Religious Revival in America

“In 1839 J. Maze Burbank exhibited at the Royal Society in London this watercolor of “a camp meeting, or religious revival in America, from a sketch taken on the spot.” It is not known where, when, or under whose auspices the revival painted by Burbank occurred.” Religious Camp Meeting. Watercolor by J. Maze Burbank, c. 1839 Old Dartmouth Historical Society-New Bedford Whaling Museum, New Bedford, Massachusetts. Gift of William F. Havemeyer (187)


Methodist Camp Meeting, March 1, 1819

Engraving Prints and Photographs Division, Library of Congress. (186)


Circuit Preaching

“The Methodist Circuit rider, ministering to the most remote, inhospitable parts of the nation, was one of the most familiar symbols of the “evangelical empire” in the United States. The saddle bags, seen here, belonged to the Reverend Samuel E. Alford, who rode circuits in northwestern Virginia, eastern West Virginia, and western Maryland.” The Circuit Preacher Engraving of a drawing by A. R. Waud, from Harper’s Weekly, October 12, 1867. Copyprint Prints and Photographs Division, Library of Congress (209)


Bishops of the African Methodist Episcopal Church

“In the center is Richard Allen, founder of the African Methodist Episcopal Church, surrounded by ten bishops of the church. At the upper left and right corners are pictures of Wilberforce University and Payne Institute; other scenes in the life of the church are depicted, including the sending of missionaries to Haiti in 1824.” Bishops of the A.M.E. Church. Engraving by John H. W. Burley, Washington, D. C., 1876. Boston: J. H. Daniels, 1876 Prints and Photographs Division, Library of Congress (190)

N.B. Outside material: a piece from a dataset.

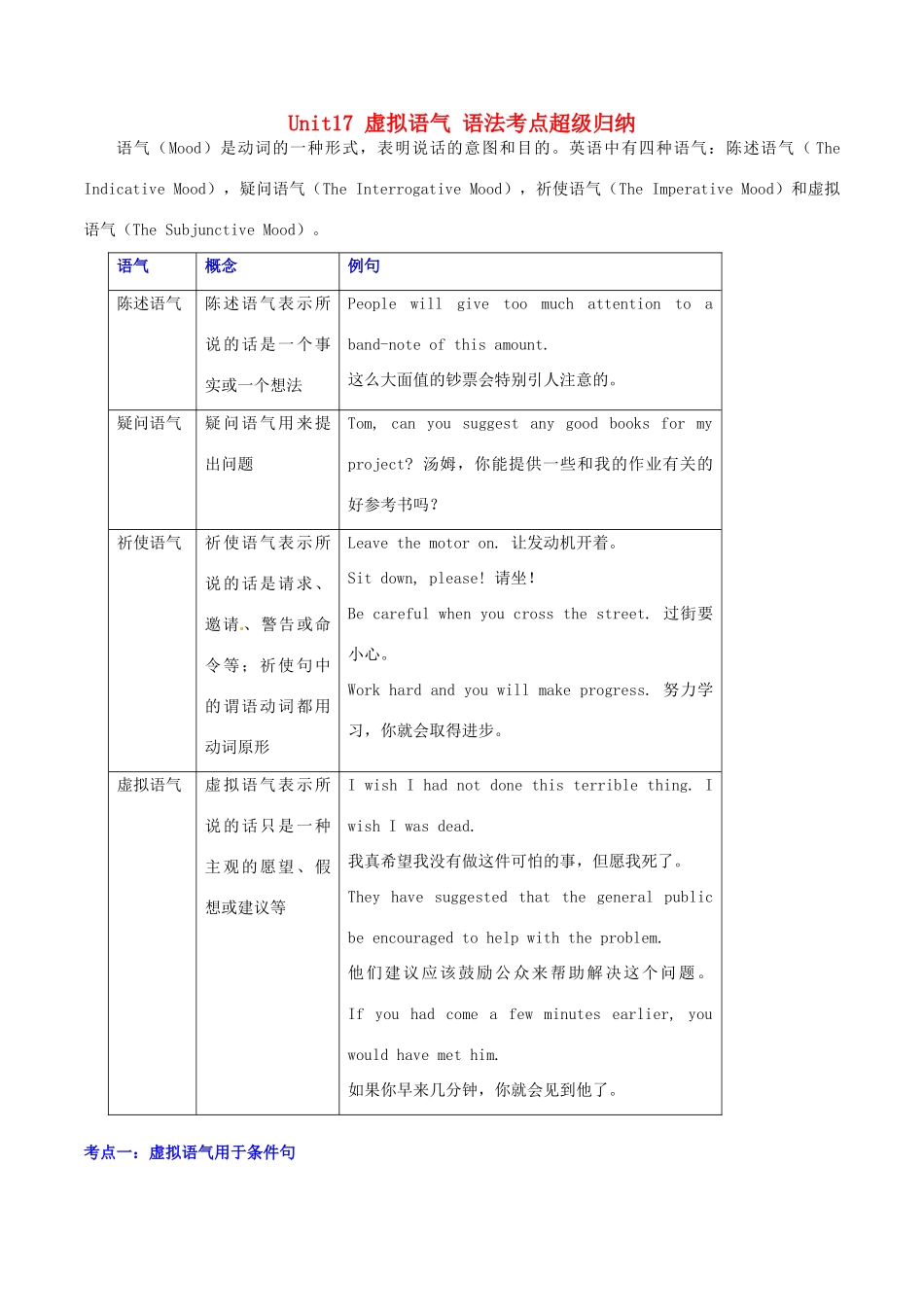 高中英语 Unit17 虚拟语气 语法考点超级归纳素材-人教版高中全册英语素材_第1页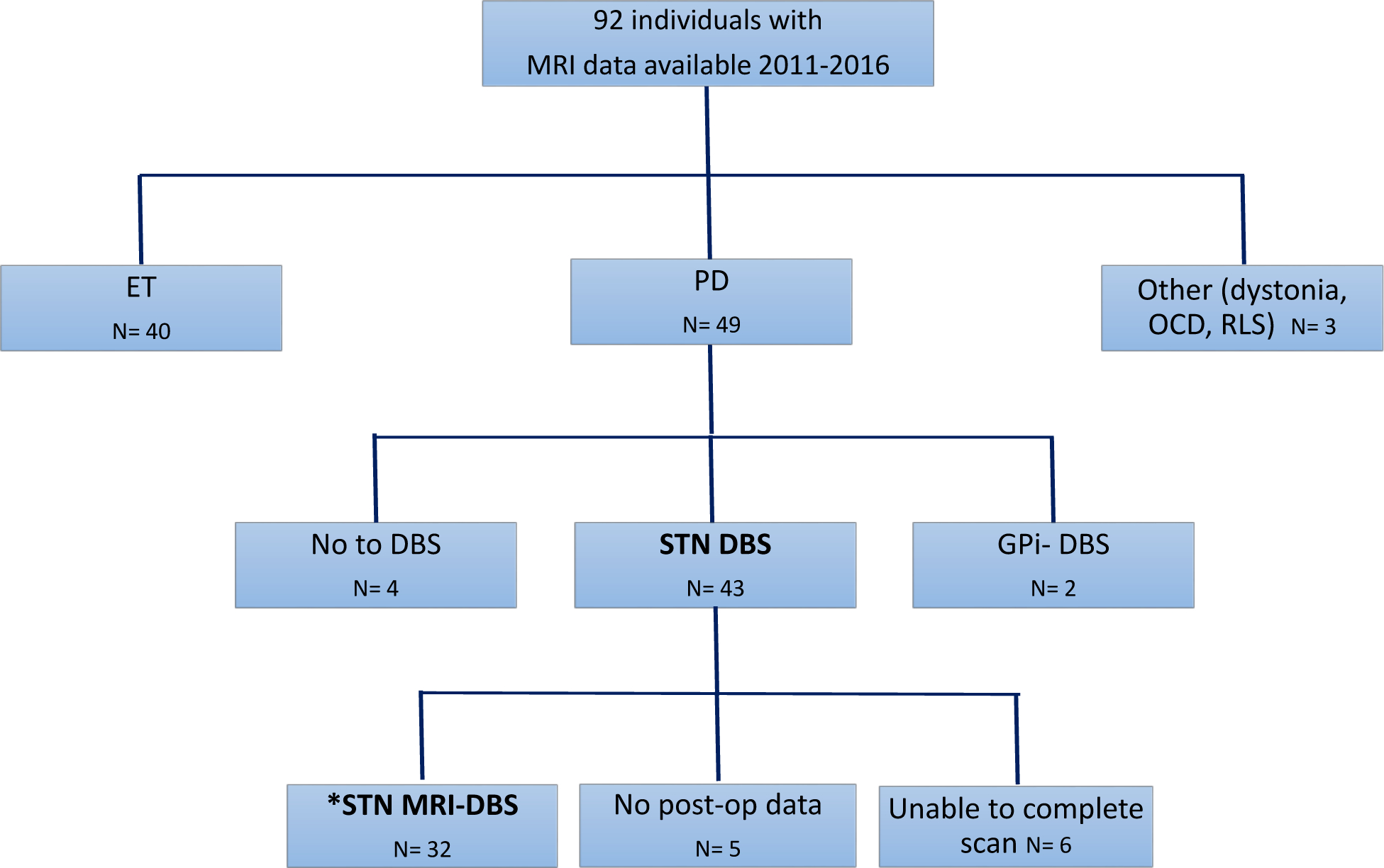 Fig 1.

Sarah Allen, wife of Richard Allen


Woman Preacher of the A.M.E. Church

“The black churches were graced by eloquent female preachers from their earliest days, although there was, as in the white churches, resistance in many quarters to the idea of women preaching the Gospel.” Mrs. Juliann Jane Tillman, Preacher of the A.M.E. Church. Engraving by P. S. Duval, after a painting by Alfred Hoffy, Philadelphia, 1844


Absalom Jones

“Born a slave in Delaware, Absalom Jones (1746-1818), was a founding member of the African Episcopal Church of St. Thomas in Philadelphia, dedicated on July 17, 1794. A year later Jones was ordained as the first black Episcopal priest in the United States.” Absalom Jones Oil on canvas on board by Raphaelle Peale, 1810 Delaware Art Museum, Wilmington. Gift of the Absalom Jones School (193)


Religious Exuberance

“Emotional exuberance was characteristic of evangelical religion in both the white and black communities in the first half of the nineteenth century. Negro Methodists Holding a Meeting in a Philadelphia Alley.” Watercolor by John Lewis Krimmel The Metropolitan Museum of Art, Rogers Fund, 1942 (194)


Jerking Exercise

“Lorenzo Dow (1777-1834) was a spellbinding but eccentric traveling Methodist evangelist who could still a turbulent camp meeting with “the sound of his voice or at the sight of his fragile but awe-inspiring presence.” Dow’s audiences often exhibited unusual physical manifestations under the influence of his impassioned preaching.” Lorenzo Dow and the Jerking Exercise. Engraving by Lossing-Barrett, from Samuel G. Goodrich, Recollections of a Lifetime. Copyprint. New York: 1856 General Collections, Library of Congress (195)


The Shakers

“The Shakers, or the United Society of Believers in Christ’s Second Coming, were founded by Mother Ann Lee, a stalwart in the ‘Shaking Quakers’ who migrated to America from England in 1774. American Shakers shared with the Quakers a devotion to simplicity in conduct and demeanor and to spiritual equality.” They “acquired their nickname from their practice of whirling, trembling or shaking during religious services.” The Shakers used dancing as a worship practice. They often danced in concentric circles and sometimes in the style shown here. Shaker emissaries from New York visited Kentucky in the early years of the nineteenth century to assess the revivals under way there and made a modest number of converts.” Shakers near Lebanon state of N York, their mode of worship. Stipple and line engraving, drawn from life. Prints and Photographs Division, Library of Congress (196)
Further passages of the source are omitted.